If you find yourself a little chilly one night, remember it could be worse: between the 16th and 19th centuries, the Thames often froze over, prompting Londoners to throw Frost Fairs on the ice. ‘The last one, in 1814, had an elephant dancing under Blackfriars Bridge,’ says Evans. By the mid-19th century, the Thames was so polluted. Parliament had to abandon sittings due to the smell, known as the ‘Great Stink’ of 1858. A sewerage system was then introduced to clean up the water, which is still used today.

Modern Thames 
Take a walk along the River Thames now and you’ll encounter historic buildings, including palaces and monasteries, side-by-side with modern landmarks, from the London Eye to The O2 arena. The South Bank teems with theatres, galleries, food markets, attractions and restaurants, while on the Thames itself, you can enjoy river cruises and high-octane activities, such as a speedboat tour of London.

Festival Fever 
There’s no better time to explore this majestic waterway than during the Totally Thames festival, which sees the 42-mile stretch of river filled with arts and culture events. This year there are more than 150 events with something for everyone, from art installations to river races. ‘Our major art commission this year is Floating Dreams by Ik-Joong Kang, one of South Korea’s most important artists,’ says Evans. ‘It is based on the memories of people, now in their 80s and 90s, who were displaced by the Korean War. The millions currently on the move from war-torn areas give particular poignancy to Ik-Joong’s remarkable floating island of dreams.’

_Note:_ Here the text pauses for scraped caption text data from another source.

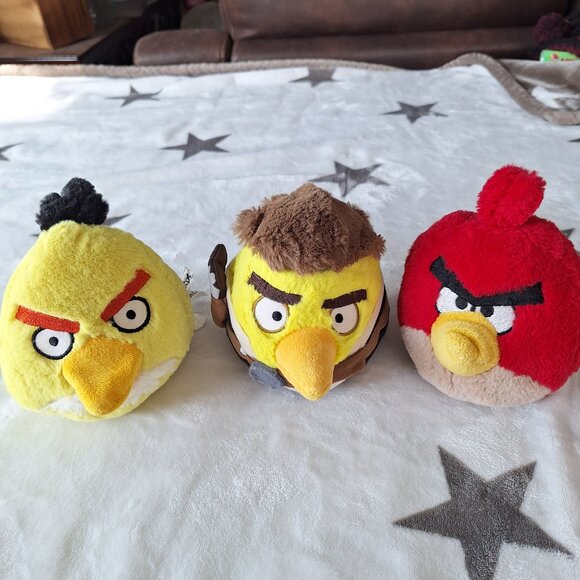 Angry Birds Lot Of‎ 3 Red, Yellow, Star Wars 4" Plush 2010 Plush Toy No Sound - Picture 1 of 10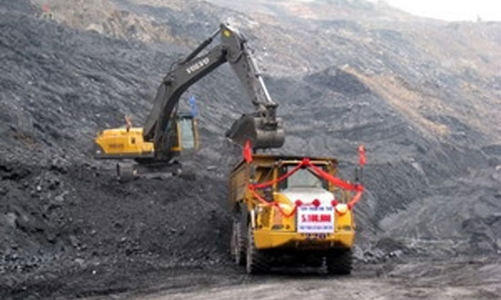 “Vừa nhập, vừa xuất khẩu than là bình thường”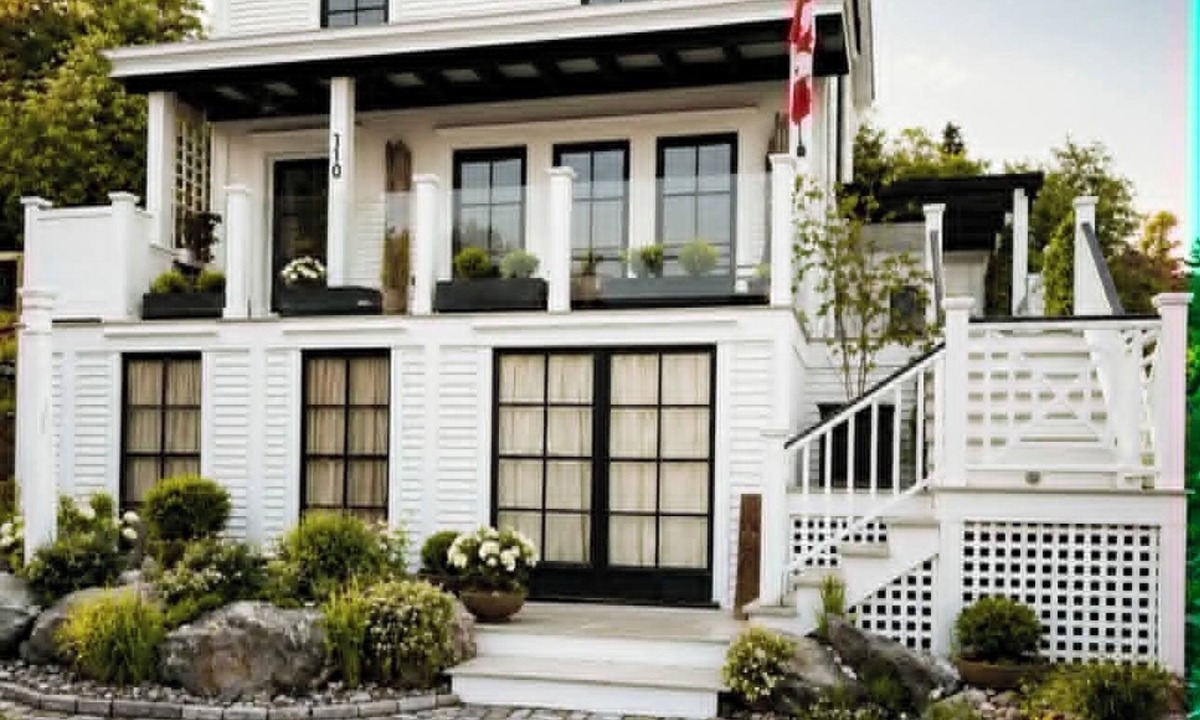Lords Cove House | Classic maritime living; islands, water, wildlife & quiet forest trails.relax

Other highlights include Light up the Ladies Bridge (22-23 Sep) and The Singing Bridge (9-25 Sep) – two free events exploring the history of Waterloo Bridge, which was predominately rebuilt by a female workforce during World War II. Over at The Brunel Museum’s remarkable Sinking Shaft underground performance space, theatregoers can see Mooring (1-9 Sep; except Sun) – a play about riverside homelessness, inspired by true events.

At Tower Bridge, last year’s sell-out Bascule Chamber Concerts (24-25 Sep) return, with composer Iain Chambers and the award-winning Juice Vocal Ensemble and Ben See Group. Descend into the bridge’s subterranean space and listen to classic and contemporary music while surrounded by the landmark’s extraordinary Victorian engineering. Meanwhile, thrill-seekers should check out the fastest growing watersport in the world during the first ever Stand-Up Paddleboard (SUP) Relay Race on the river (1-25 Sep). Who needs dancing elephants with this tide of entertainment on the Thames?